- Exercise directions
Leave the pictures out. Retype exactly the lines below from the one containing "Palm Springs PM" through the one containing "stock afbeelding De", and no others.

- Data to process
::::::

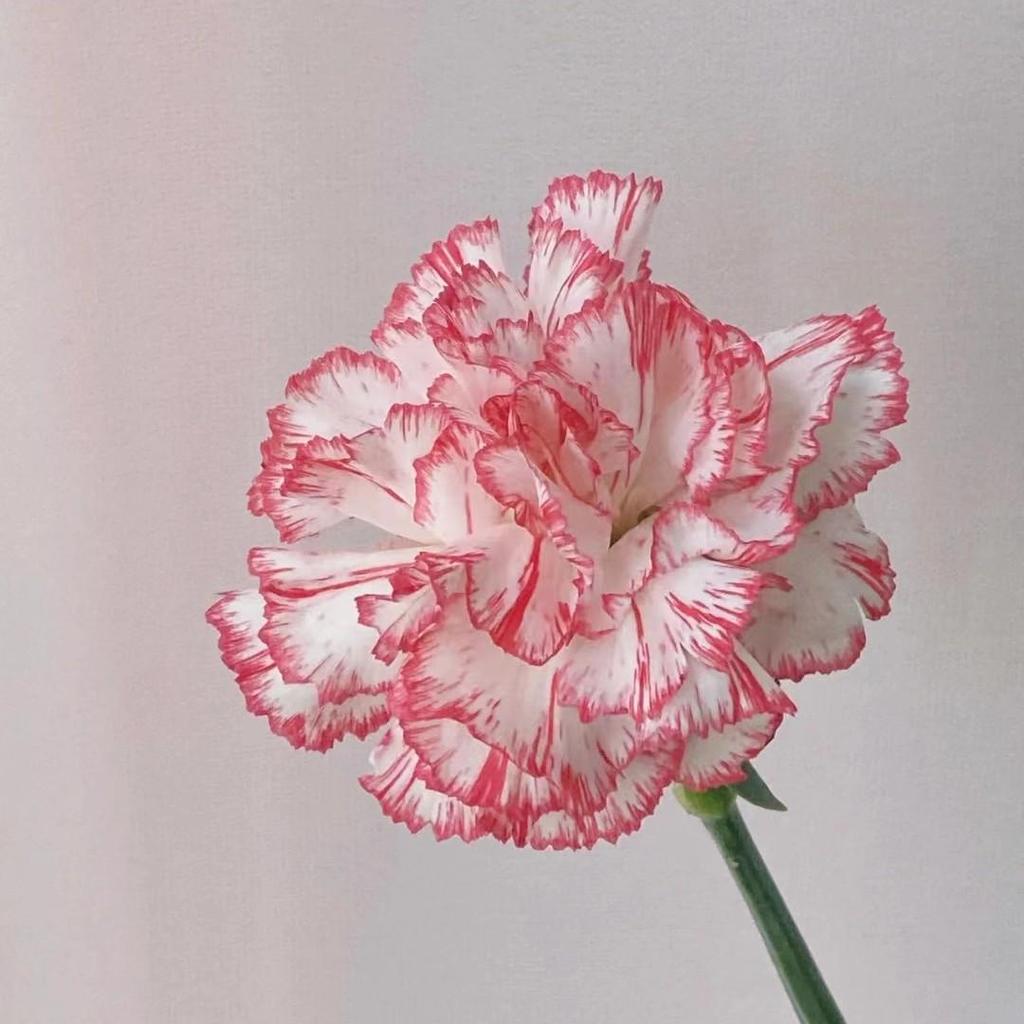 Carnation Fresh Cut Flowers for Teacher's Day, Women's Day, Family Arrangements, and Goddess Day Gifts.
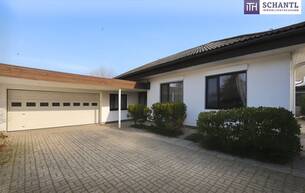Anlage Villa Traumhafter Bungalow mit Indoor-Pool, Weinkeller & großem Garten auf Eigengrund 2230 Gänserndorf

::::::

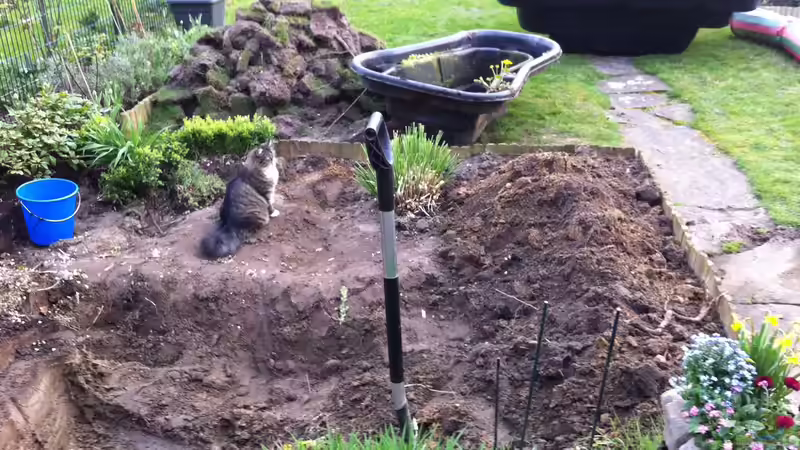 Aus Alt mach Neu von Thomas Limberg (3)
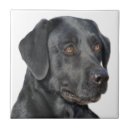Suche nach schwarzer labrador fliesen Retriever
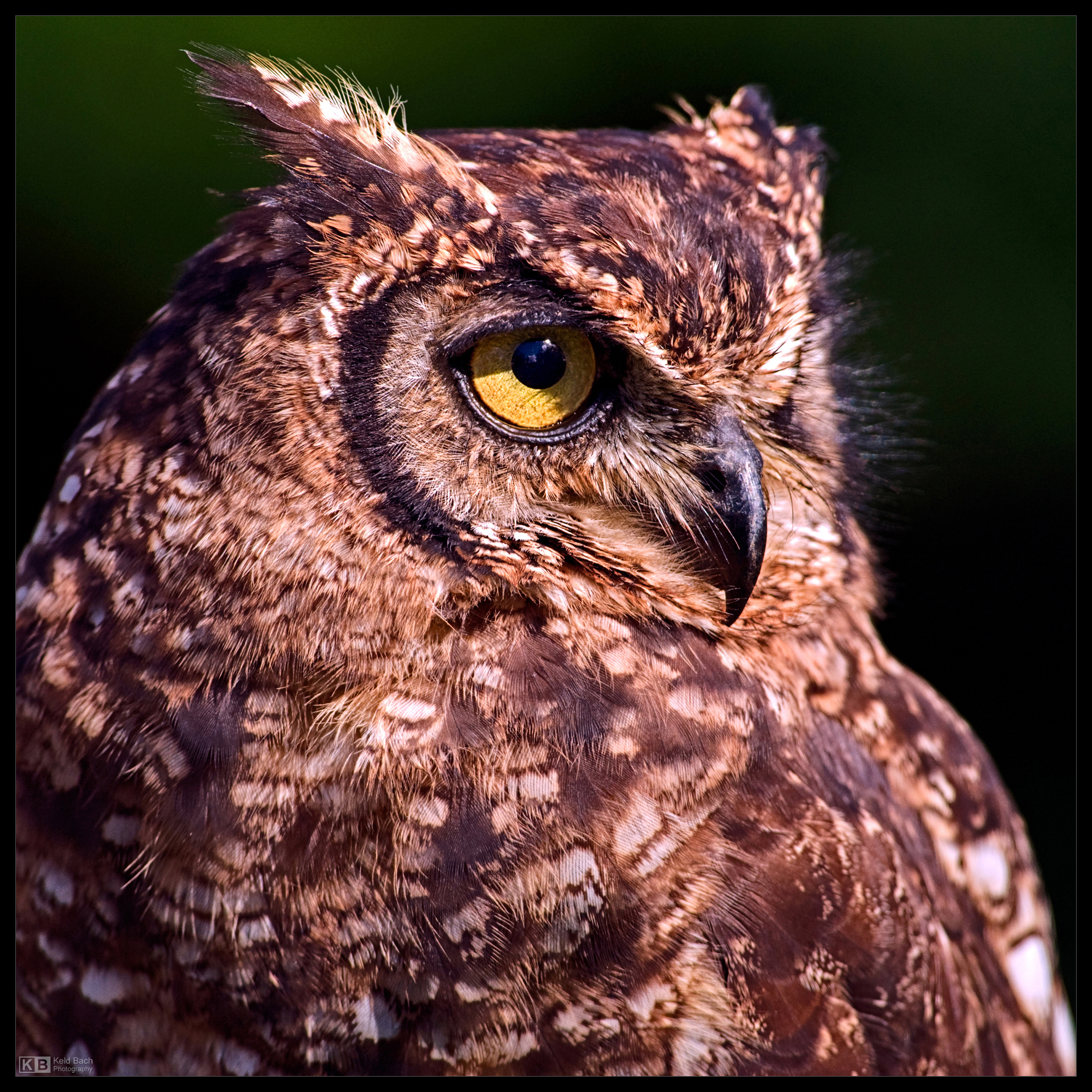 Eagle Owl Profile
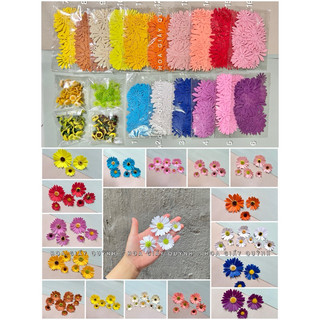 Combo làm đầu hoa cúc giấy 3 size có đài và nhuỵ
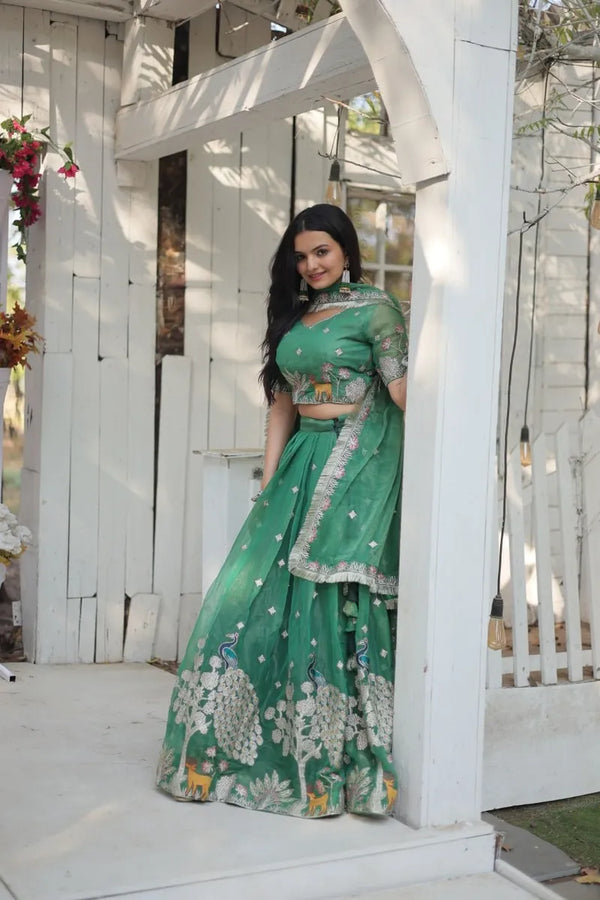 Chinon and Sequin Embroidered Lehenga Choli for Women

::::::

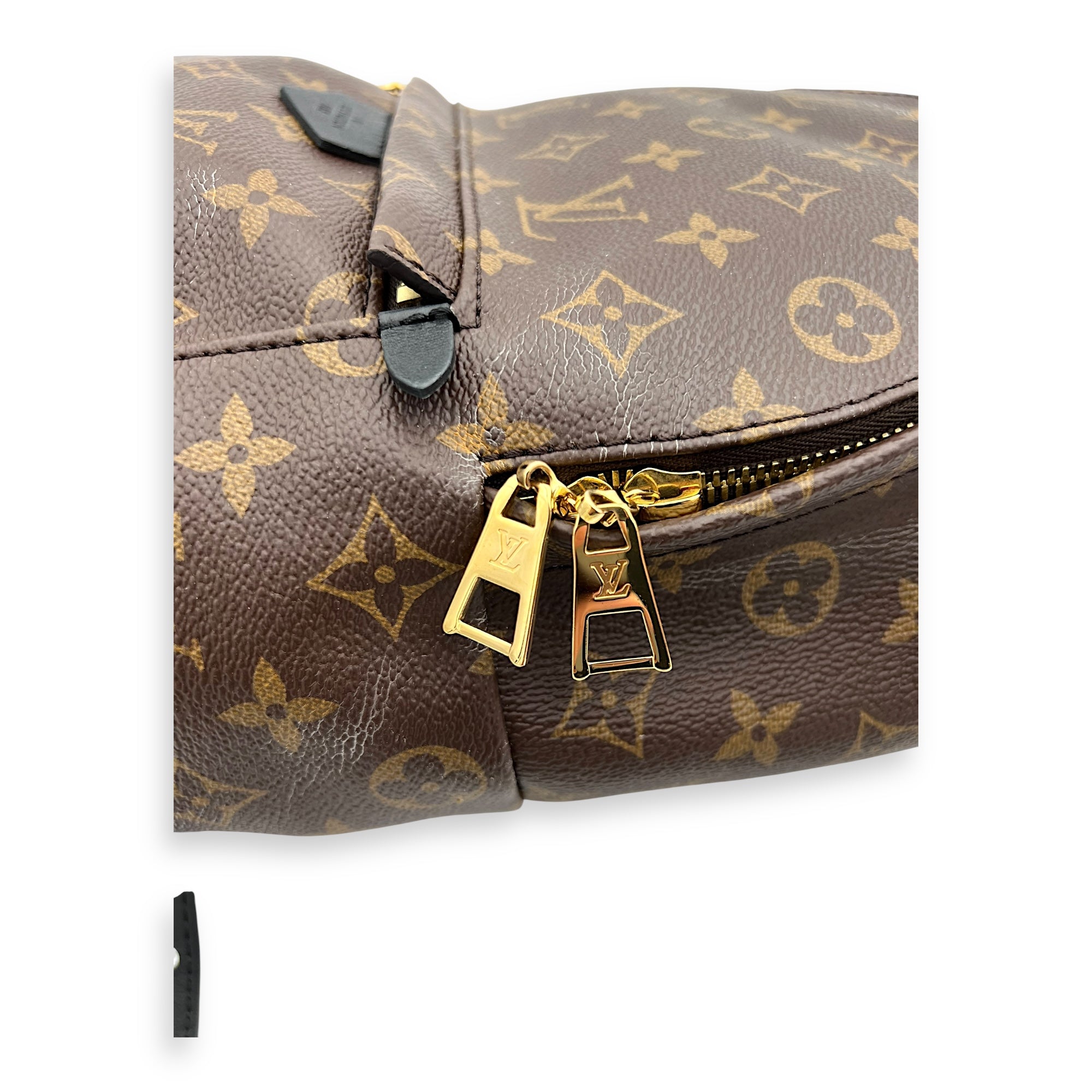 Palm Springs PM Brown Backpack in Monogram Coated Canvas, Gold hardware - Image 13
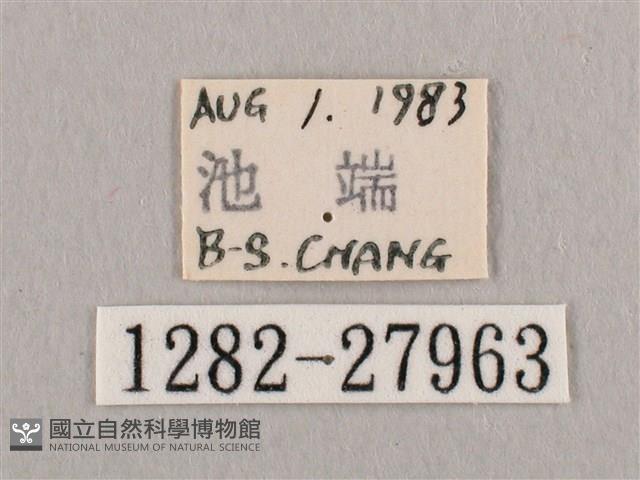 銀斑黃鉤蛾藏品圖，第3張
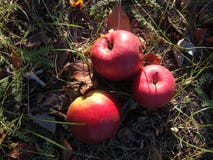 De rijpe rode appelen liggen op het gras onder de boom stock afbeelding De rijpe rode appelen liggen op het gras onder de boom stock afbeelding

::::::

- Solution for this problem
 Palm Springs PM Brown Backpack in Monogram Coated Canvas, Gold hardware - Image 13
 銀斑黃鉤蛾藏品圖，第3張
 De rijpe rode appelen liggen op het gras onder de boom stock afbeelding De rijpe rode appelen liggen op het gras onder de boom stock afbeelding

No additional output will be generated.